2. O Rescindente fundamentou seu Pedido no art. 251, inciso VI (nulidade processual por falta ou defeito de citação), da Resolução nº 14/2007 deste Tribunal, alegando suposta ilegalidade na aplicação da multa acima citada, uma vez que não houve esgotamento das vias ordinárias de citação por este Tribunal antes da citação via Edital.
3. Alega o ex-gestor que foi encaminhado Ofício nº 1308/2013/TCE-MT/GAB-WJT, datada de 24/07/2013 e postado em 31/07/2013 no endereço sito à Rua Cristiane Otoni, 233, Pedro Leopoldo, Minas Gerais e que o “AR” foi devolvido no dia 23/08/2013 pelo motivo “mudou-se”.
4. Afirma que, na data de 28/08/2013, o Conselheiro Waldir Júlio Teis determinou a sua citação via Edital e que foi declarado a sua revelia no processo nº 123617/2012, por meio do Despacho nº 546/2013, de 24/09/2013.

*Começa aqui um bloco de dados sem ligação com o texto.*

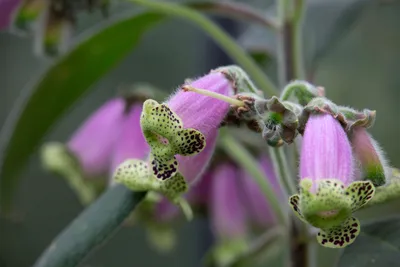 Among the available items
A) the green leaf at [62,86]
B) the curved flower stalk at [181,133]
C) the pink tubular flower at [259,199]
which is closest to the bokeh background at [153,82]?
the pink tubular flower at [259,199]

5. Entende que este Tribunal, antes de efetivar a sua citação mediante Edital, deveria ter consultado o cadastro do próprio Tribunal de Contas, o qual demonstraria que o Rescindente teria domicílio no município de São Paulo.
6. Entende que este Tribunal, antes de efetivar a sua citação mediante Edital, deveria ter consultado o cadastro do próprio Tribunal de Contas, o qual demonstraria que o Rescindente teria domicílio no município de São Paulo.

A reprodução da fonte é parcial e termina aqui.